Complaints Up as Beards and Other Issues Roil IDF Morale

IDF beards
Defense Minister Avigdor Liberman and IDF Chief of Staff Gadi Eizenkott visiting an IDF exercise in the Golan Heights. (Ariel Hermoni/Ministry of Defense, File)

An IDF review has determined that in numerous instances during 2016 soldiers were refused permission to keep their beards, contravening established military policy.

This was only one of a number of different types of complaints which reached the desk of the IDF ombudsman, Gen. (Res.) Yitzchak Brick, during 2016, and which are detailed in a report released on Sunday.

Regarding beards, Brick cited as just one example, a unit commander who summarily ordered all the religious soldiers to shave their beards, even before their complaints to the IDF Manpower Branch had been answered, as provided by regulations.

However, it’s far from the only issue roiling morale in the IDF.

According to the report, 6,758 complaints were submitted by soldiers for various reasons, representing a six percent increase of serious complaints over the previous year. Of those, 58 percent were ruled to be justified.

According to Brick, cuts in IDF personnel, which have been implemented as part of the army’s five-year plan adopted last year, have led to a “fear of a crisis of confidence” in the combat support system, as well as a gap in manpower and a decrease in the recruitment and staffing of senior officers.

Large-scale cuts in core-military sectors among career soldiers, such as in central positions in the field of maintenance, armament and logistics “may result in financial costs, which may be higher than the savings in manpower due to lack of care and maintenance,” Brick wrote.

Racism appears to be a problem. There were more complaints from soldiers claiming they were subjected to insults due skin color or ethnic background.

Complaints in the field of discipline soared, 525 complaints compared to the 51 in 2015.

The report noted a rise in complaints about physical and verbal violence by either the company commander or officers with the rank of major “who feel that they are allowed to act violently because of their rank,” Brick wrote.

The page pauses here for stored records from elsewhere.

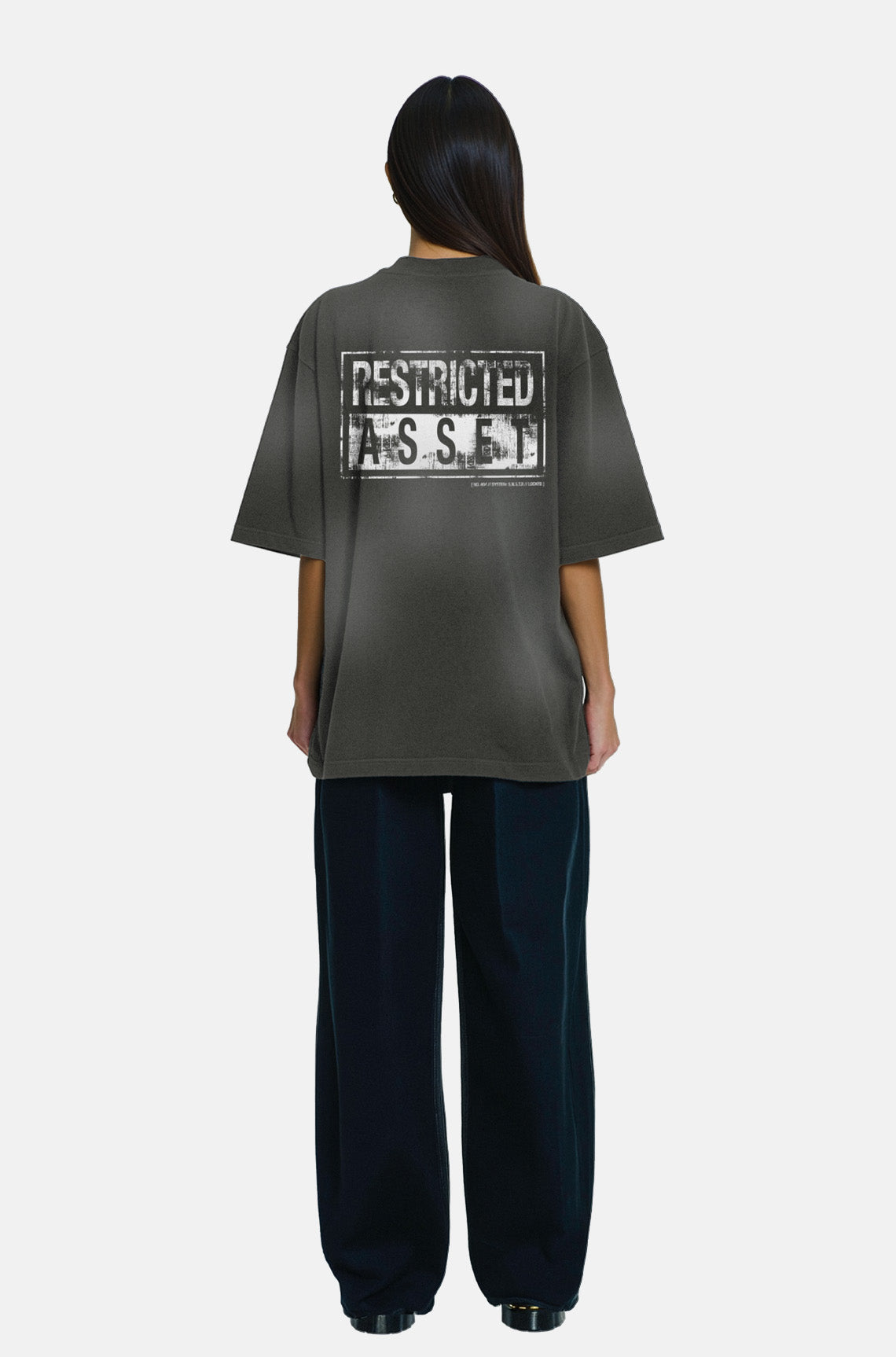 Restricted Asset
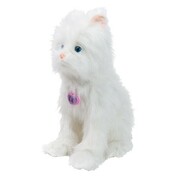 NorielPets-PisicaLiliNORIEL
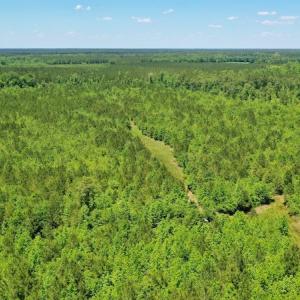 Photo #20 of SOLD property in Off Minor Run Road, Blounts Creek, NC 48.0 acres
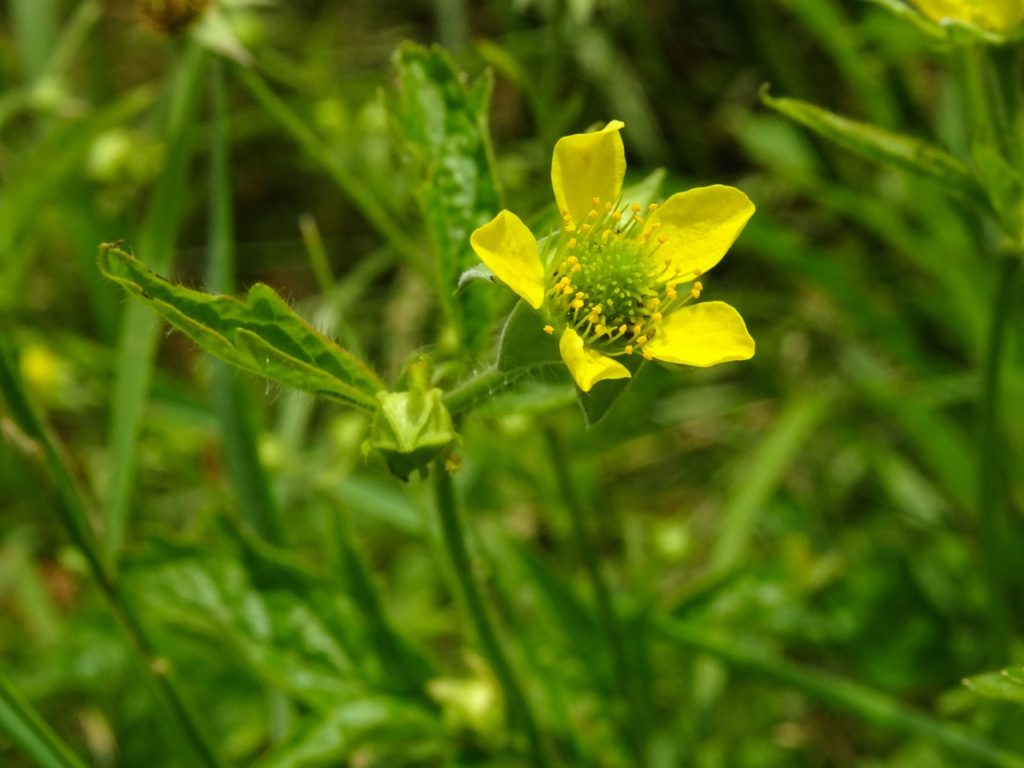 a singular yellow flower with a green centre from a Geum urbanum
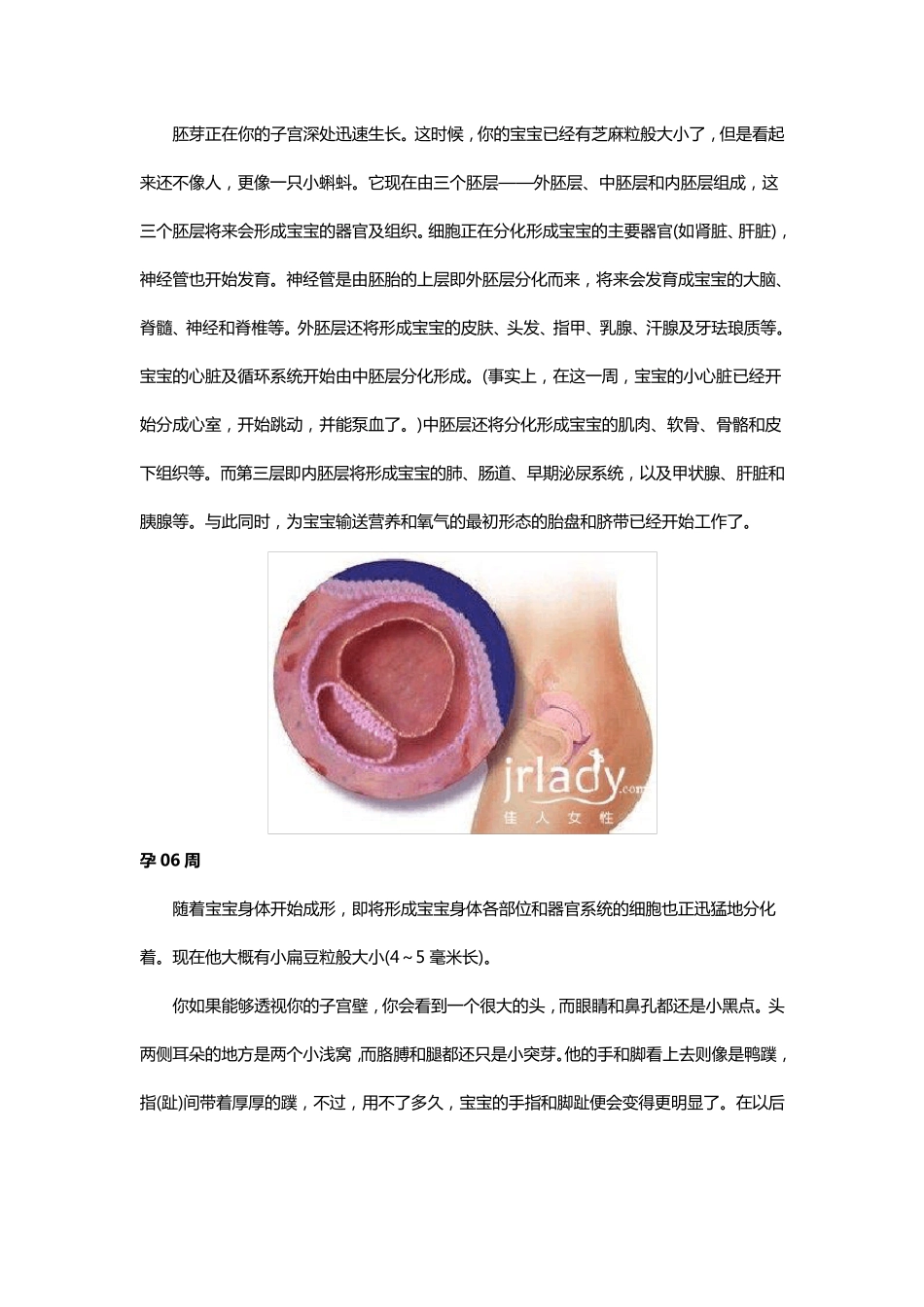 十月怀胎全过程图解_第3页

In one incident, a commander lost his temper and began cursing at his soldiers and threw a gun at them. In another incident, Brick recommended military police investigate complaints that a company commander did not report to his battalion. Another grievance involved a brigade commander in an incident of a game with a weapon which took place within the unit.

“Many soldiers are afraid to tell commanders about things which happen in the unit so as not to be labeled as ‘informers’ and in such a situation, a severe phenomenon of conspiracy of silence may develop,” Brick wrote.

The army stated that every commander is expected to serve as “an exemplary example” and the IDF views any violent or racist conduct with “great severity, responding decisively to any such event.”

IDF Chief of Staff Lt.-Gen. Gadi Eisenkot appointed deputy chief of staff Maj.-Gen Aviv Kochavi to address the issues raised as part of the military’s work plan for the coming year.